Problem to work on: Nothing outside the range below should be printed. Output exactly the lines from the line with "Hey everyone, this" to the line with "We've logged out", both included.

Material provided:
....
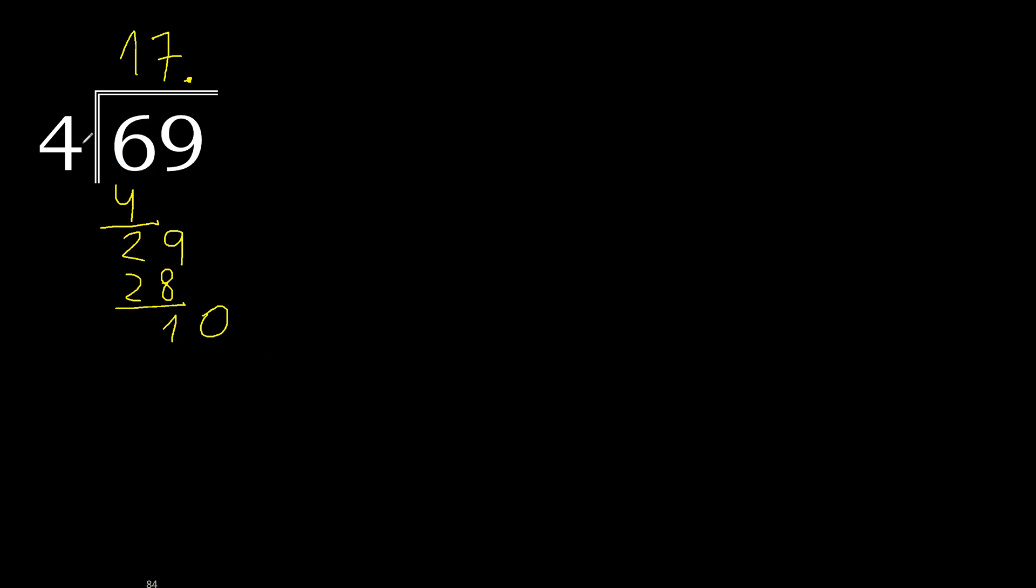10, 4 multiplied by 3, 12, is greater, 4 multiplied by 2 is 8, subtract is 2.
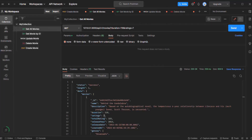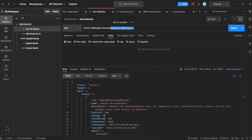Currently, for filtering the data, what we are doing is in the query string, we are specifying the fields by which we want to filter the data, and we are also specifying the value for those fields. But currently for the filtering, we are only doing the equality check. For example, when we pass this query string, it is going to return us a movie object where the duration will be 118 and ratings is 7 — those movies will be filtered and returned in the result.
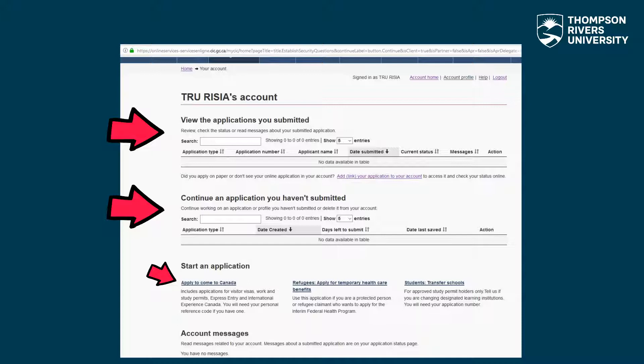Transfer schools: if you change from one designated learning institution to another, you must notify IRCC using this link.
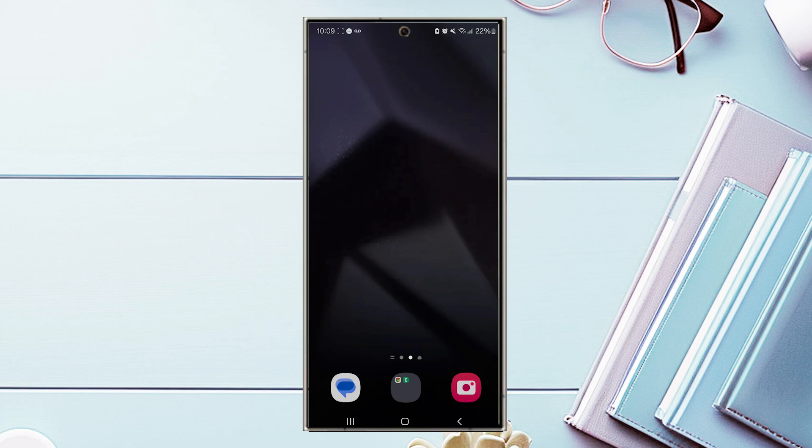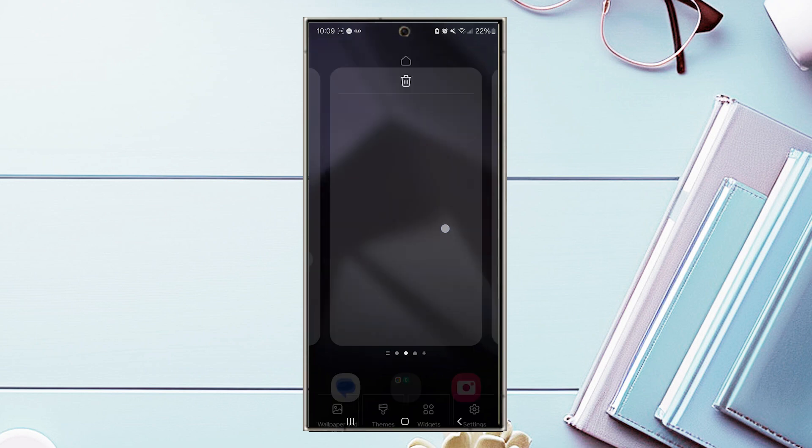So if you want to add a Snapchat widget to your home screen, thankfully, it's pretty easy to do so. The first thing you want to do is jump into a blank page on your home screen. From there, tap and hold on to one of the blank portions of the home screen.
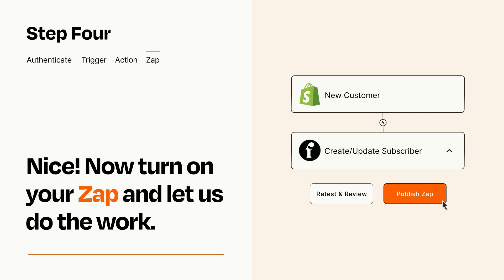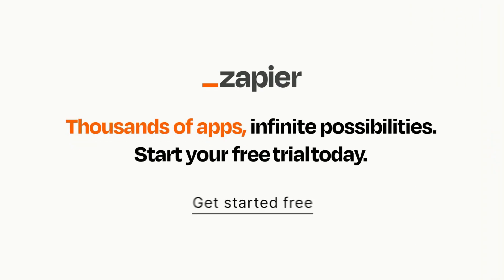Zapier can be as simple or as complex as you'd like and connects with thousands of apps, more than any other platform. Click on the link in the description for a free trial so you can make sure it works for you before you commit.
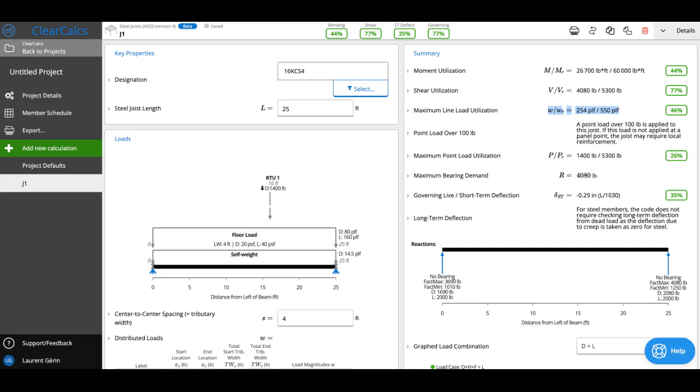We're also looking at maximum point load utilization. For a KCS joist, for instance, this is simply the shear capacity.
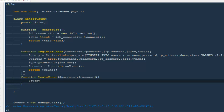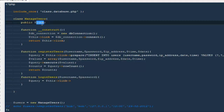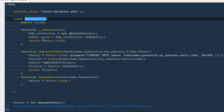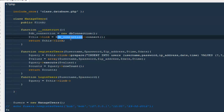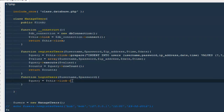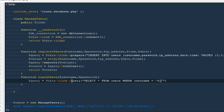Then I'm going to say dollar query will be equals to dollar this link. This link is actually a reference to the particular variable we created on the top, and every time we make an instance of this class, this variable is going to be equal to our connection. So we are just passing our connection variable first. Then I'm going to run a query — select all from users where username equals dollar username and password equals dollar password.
....
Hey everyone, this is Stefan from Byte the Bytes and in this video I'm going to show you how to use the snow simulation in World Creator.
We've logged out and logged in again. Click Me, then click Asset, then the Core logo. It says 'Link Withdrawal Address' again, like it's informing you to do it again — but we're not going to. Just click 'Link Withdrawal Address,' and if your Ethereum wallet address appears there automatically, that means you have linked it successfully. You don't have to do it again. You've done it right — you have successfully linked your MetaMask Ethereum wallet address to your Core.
....
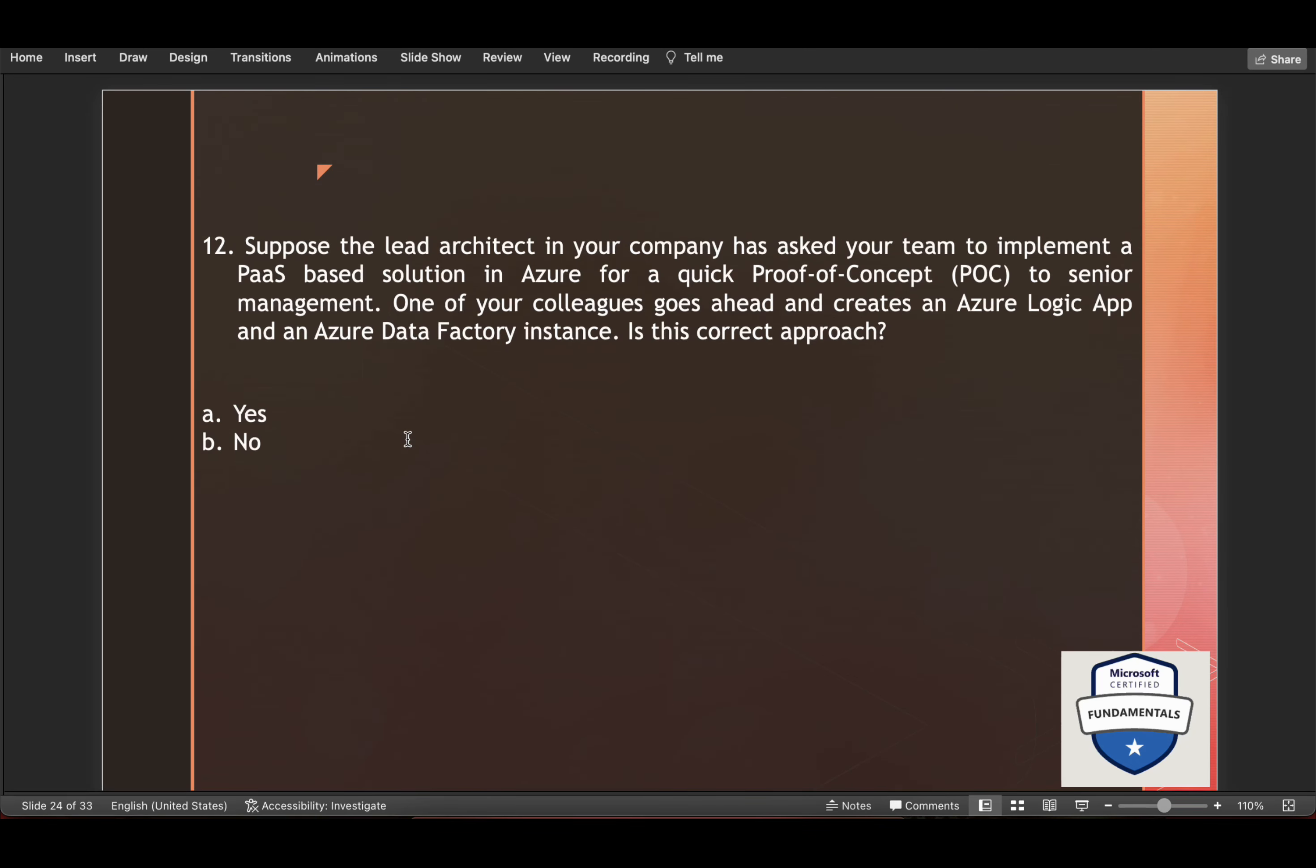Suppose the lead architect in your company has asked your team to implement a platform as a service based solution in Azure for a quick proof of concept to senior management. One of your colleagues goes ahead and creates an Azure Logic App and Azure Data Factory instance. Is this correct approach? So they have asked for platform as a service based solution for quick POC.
....
Result below:
Hey everyone, this is Stefan from Byte the Bytes and in this video I'm going to show you how to use the snow simulation in World Creator.
We've logged out and logged in again. Click Me, then click Asset, then the Core logo. It says 'Link Withdrawal Address' again, like it's informing you to do it again — but we're not going to. Just click 'Link Withdrawal Address,' and if your Ethereum wallet address appears there automatically, that means you have linked it successfully. You don't have to do it again. You've done it right — you have successfully linked your MetaMask Ethereum wallet address to your Core.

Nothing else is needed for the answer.